**What you have to do:** Begin at the line containing "In the first" in the data below and go on through the line containing "It'll now give", repeating each line exactly; include both ends and no other line.

Stored data entries
((
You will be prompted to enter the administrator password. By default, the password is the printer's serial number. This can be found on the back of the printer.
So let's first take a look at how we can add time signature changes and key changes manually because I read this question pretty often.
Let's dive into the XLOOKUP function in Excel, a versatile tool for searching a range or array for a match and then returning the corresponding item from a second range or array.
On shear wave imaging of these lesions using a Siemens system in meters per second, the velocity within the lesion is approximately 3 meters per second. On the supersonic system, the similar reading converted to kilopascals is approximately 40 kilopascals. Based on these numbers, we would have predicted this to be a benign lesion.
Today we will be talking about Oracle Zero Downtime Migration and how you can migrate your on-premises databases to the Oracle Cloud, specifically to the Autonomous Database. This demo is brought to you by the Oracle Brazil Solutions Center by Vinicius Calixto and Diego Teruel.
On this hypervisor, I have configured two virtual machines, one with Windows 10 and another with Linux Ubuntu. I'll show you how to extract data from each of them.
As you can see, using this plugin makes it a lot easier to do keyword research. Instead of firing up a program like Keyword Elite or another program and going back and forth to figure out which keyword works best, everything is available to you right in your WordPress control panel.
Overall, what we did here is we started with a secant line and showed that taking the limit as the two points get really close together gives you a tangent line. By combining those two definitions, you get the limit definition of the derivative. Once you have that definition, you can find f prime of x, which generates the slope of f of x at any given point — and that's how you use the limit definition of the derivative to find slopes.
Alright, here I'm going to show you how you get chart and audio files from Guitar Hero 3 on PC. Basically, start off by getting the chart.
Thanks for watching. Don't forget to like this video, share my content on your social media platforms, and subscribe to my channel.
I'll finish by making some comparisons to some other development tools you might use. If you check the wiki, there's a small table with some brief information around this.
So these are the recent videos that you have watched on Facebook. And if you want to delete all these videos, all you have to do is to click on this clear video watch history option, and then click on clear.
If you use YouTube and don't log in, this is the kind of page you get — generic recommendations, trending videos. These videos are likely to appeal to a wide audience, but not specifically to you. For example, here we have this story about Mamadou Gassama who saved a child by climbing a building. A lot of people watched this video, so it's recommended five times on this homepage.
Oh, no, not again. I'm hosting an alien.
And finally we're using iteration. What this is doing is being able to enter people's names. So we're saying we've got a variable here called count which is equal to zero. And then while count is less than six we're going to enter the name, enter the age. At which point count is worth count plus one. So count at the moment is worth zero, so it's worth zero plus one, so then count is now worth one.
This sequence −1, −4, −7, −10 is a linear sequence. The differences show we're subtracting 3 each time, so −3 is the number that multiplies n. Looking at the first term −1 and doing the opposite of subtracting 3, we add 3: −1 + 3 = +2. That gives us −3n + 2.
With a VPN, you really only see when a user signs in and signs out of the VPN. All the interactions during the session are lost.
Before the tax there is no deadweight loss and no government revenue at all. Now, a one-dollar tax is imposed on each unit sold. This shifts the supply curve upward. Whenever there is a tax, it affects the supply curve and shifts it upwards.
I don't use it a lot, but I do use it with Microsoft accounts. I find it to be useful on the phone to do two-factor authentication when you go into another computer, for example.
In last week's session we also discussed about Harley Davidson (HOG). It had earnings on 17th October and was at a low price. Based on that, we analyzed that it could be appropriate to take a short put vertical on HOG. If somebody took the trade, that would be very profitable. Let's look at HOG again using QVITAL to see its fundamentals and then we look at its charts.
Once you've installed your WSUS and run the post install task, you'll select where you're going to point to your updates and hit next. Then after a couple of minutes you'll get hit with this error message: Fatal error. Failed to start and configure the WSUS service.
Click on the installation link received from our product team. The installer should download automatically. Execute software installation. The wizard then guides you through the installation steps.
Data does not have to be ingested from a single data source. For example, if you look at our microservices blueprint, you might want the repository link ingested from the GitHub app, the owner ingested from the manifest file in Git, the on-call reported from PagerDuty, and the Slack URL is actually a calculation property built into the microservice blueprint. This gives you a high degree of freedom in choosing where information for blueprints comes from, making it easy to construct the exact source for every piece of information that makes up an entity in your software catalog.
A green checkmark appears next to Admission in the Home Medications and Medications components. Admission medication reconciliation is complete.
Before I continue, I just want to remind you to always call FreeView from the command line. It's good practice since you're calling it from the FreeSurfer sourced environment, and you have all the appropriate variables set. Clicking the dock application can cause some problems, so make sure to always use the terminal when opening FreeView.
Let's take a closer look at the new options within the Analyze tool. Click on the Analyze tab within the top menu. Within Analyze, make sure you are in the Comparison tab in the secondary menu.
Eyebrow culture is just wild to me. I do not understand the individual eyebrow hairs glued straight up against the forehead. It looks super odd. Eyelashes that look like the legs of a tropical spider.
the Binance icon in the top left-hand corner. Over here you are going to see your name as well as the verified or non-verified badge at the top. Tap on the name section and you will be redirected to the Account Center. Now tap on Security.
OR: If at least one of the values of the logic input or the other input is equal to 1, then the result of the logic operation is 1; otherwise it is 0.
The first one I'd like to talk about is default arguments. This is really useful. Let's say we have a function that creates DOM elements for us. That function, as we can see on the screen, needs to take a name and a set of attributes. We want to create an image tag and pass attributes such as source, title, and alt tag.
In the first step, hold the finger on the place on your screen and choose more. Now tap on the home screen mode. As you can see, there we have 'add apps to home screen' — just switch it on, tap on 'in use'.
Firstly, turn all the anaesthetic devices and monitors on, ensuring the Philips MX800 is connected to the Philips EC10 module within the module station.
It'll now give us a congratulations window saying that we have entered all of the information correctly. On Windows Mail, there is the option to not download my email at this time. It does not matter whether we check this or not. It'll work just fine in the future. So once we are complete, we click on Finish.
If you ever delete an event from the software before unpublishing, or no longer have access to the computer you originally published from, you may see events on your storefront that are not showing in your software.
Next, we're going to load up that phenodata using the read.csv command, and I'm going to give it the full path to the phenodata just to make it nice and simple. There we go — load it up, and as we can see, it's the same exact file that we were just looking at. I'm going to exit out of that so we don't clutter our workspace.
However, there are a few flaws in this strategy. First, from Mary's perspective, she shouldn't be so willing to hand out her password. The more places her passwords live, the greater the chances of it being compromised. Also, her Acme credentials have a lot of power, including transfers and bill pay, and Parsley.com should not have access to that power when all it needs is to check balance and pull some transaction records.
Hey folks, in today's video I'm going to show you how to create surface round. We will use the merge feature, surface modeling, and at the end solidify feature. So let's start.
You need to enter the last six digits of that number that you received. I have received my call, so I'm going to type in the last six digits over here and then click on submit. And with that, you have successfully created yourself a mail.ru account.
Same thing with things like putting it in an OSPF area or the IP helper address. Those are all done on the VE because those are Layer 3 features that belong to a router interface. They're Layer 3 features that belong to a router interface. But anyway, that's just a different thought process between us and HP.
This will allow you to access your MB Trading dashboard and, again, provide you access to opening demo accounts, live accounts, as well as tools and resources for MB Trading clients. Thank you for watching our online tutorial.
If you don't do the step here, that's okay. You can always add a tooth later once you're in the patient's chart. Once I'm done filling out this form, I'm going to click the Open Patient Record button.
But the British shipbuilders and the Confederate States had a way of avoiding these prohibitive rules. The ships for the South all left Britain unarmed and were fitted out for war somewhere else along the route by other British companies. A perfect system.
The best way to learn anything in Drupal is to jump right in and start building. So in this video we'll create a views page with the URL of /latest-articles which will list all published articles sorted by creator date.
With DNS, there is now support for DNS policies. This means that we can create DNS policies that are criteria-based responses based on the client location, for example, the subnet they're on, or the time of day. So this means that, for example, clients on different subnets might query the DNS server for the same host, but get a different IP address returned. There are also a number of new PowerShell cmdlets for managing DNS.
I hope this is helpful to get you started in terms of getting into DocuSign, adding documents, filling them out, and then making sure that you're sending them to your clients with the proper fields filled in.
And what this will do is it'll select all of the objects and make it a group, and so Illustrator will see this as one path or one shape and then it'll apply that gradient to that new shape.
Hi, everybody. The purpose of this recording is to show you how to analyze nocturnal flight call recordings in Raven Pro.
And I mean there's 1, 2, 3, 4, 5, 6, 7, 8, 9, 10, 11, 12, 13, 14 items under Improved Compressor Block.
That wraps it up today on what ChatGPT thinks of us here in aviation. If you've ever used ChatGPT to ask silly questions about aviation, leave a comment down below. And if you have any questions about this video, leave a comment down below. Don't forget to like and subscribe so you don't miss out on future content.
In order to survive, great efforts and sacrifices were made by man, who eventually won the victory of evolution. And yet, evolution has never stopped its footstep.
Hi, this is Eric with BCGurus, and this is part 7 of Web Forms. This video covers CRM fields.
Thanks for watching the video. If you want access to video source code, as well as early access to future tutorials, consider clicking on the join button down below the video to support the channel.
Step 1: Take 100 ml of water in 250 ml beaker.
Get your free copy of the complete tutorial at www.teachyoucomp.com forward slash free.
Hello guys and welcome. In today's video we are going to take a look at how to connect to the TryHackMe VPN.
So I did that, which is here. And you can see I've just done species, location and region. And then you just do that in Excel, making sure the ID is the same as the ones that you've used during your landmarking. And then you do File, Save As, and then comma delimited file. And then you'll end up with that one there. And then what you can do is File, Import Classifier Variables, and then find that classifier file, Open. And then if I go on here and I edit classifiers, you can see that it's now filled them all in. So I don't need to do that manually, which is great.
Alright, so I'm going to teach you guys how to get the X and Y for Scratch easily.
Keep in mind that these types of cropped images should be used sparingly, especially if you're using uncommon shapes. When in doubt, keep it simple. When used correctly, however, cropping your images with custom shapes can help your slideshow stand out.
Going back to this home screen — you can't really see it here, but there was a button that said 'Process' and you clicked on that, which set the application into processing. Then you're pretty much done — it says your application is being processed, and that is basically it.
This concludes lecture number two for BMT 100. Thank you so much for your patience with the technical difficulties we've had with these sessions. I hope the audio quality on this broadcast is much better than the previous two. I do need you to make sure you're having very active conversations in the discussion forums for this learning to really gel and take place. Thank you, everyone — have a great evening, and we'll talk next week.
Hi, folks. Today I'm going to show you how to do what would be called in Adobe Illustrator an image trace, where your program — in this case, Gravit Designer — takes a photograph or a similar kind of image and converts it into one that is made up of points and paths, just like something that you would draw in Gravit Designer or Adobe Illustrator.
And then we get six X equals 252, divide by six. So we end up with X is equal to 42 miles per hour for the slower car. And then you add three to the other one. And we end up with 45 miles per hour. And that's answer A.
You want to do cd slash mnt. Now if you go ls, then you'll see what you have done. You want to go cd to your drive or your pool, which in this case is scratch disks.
))
**Your response:**
In the first step, hold the finger on the place on your screen and choose more. Now tap on the home screen mode. As you can see, there we have 'add apps to home screen' — just switch it on, tap on 'in use'.
Firstly, turn all the anaesthetic devices and monitors on, ensuring the Philips MX800 is connected to the Philips EC10 module within the module station.
It'll now give us a congratulations window saying that we have entered all of the information correctly. On Windows Mail, there is the option to not download my email at this time. It does not matter whether we check this or not. It'll work just fine in the future. So once we are complete, we click on Finish.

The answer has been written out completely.